Ad accusare sono in molti, tutti ritenuti attendibili dalla Procura. «La collaborazione è frutto non di pentimenti, ma di un interesse processuale», ha messo le mani avanti Ancilotto, «vi è una ricostruzione da parte di persone che arrivavano da mondi diversi e che erano portatori di interessi diversi. Eppure si sono trovate d'accordo nel ricostruire un sistema univoco».

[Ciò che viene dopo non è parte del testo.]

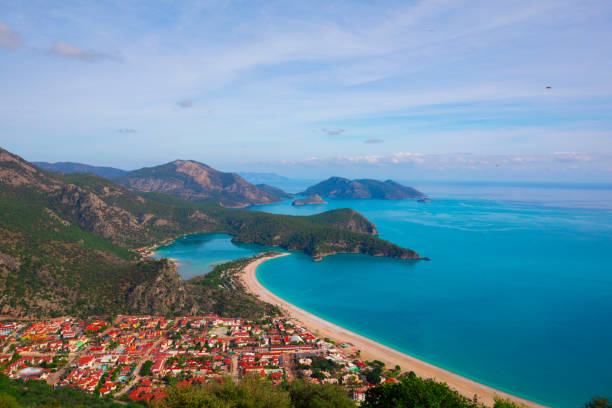 istock Oludeniz Bay view in Fethiye Town 1127538891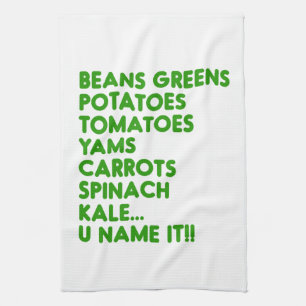 Paño De Cocina Beans Green Potates U Name It Vegan Thankending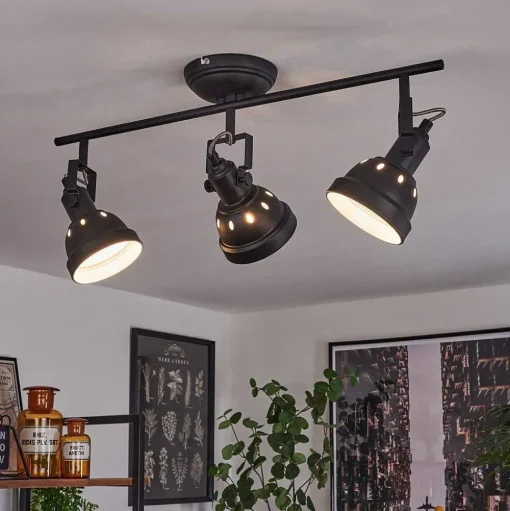 Plafonnier Tita Noir, 3 Lumieres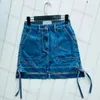 DENIM SHORT SKIRT A LINE SKIRT FASHION LEND LEND LEND LENGLE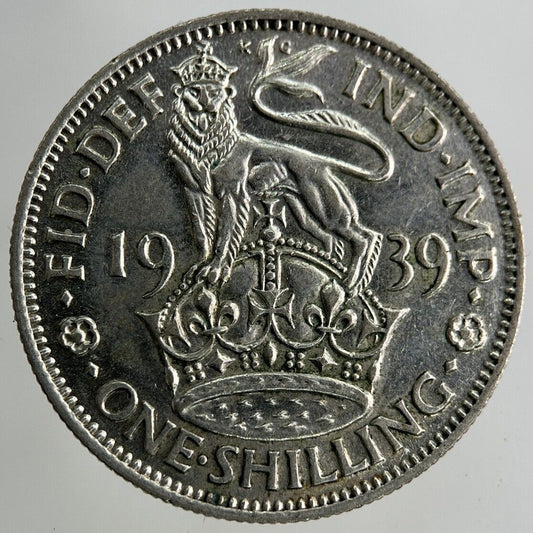 1939 George VI Shilling Silver Coin | Very High Grade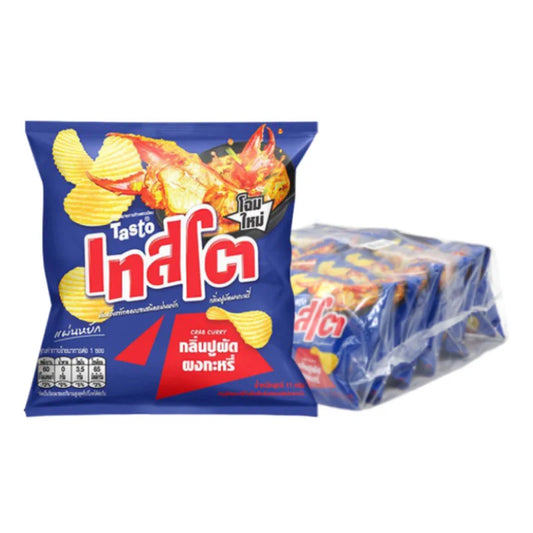 TASTO Potato Rock Chips Crab Curry 11g x12
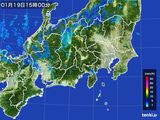 2015年01月19日の関東・甲信地方の雨雲レーダー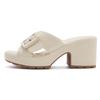 Amazon nuevas sandalias de suela gruesa para primavera y verano 2025 para mujer, chanclas casuales cómodas de talla grande con hebilla metálica, una generación de pelo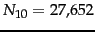 $\observationo_{10} = 27{,}652$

Il sistema e il suo padrone.
Al centro del "sistema Mose" c'era il presidente Mazzacurati, padrone assoluto del Consorzio Venezia Nuova che «grazie all'attività di corruttela si è assicurato un flusso di denaro continuo, l'assenza di controlli e di opposizione al progetto», ha affermato Ancilotto. La "filosofia" di Mazzacurati è stata così riassunta dal pm: corrompo a livello nazionale e locale perché non si sa come cambieranno le maggioranze politiche, mentre l'opera rimane. L'ingegnere è per la Procura perfettamente attendibile quando bel 2013 rende i suoi interrogatori. E decide di collaborare «perché capisce che è finita un'epoca, ancora una volta è arrivato prima degli altri». Le rivelazioni che fa non sono dettate dall'astio: «Fa fatica a usare il termine di mazzetta, tutt'al più parla di oliare il meccanismo», ha sostenuto il pm, «questo non è l' atteggiamento di chi vuole ferire». La sua, secondo la Procura, è un'attendibilità intrinseca ed estrinseca visti i patteggiamenti che ci sono stati.
Le pene più pesanti per Matteoli e Cinque.
La richiesta più severa della Procura è per l'ex ministro Altero Matteoli che, secondo l'accusa, subordinò la concessione dei fondi per le bonifiche di Porto Marghera al fatto che nel Consorzio entrasse la Socostramo, società del suo compagno di partito Erasmo Cinque «al quale Matteoli era completamente soggiogato», ha detto Ancilotto. E ancora: «Il ministro era totalmente asservito agli interessi del Cvn». Lo dimostrerebbe in particolare la lettera con la quale autorizzava l'affidamento diretto dei lavori per la bonifica di Porto Marghera (anziché procedere con gara), rispondendo a una lettera di chiarimenti di Piva che aveva dubbi su come assegnare i fondi ottenuti dalla transazione Montedison (versò i soldi per l'inquinamento causato). «Con questa autorizzazione il ministro "si sporca le mani"», ha detto Ancilotto, «E la condotta del ministro va oltre: sollecita fondi a Tremonti e a Berlusconi».
Maxi risarcimento.
Otto milioni di euro, uno per ogni imputato, è la somma a titolo di risarcimento chiesta dall'Avvocatura di Stato, parte civile, avvocato Simone Cardin, per grave danno d'immagine, danno alla collettività e danno da sviamento. Si tratta della provvisionale, quindi della somma da versare subito: quella complessiva andrà quantificata dal tribunale.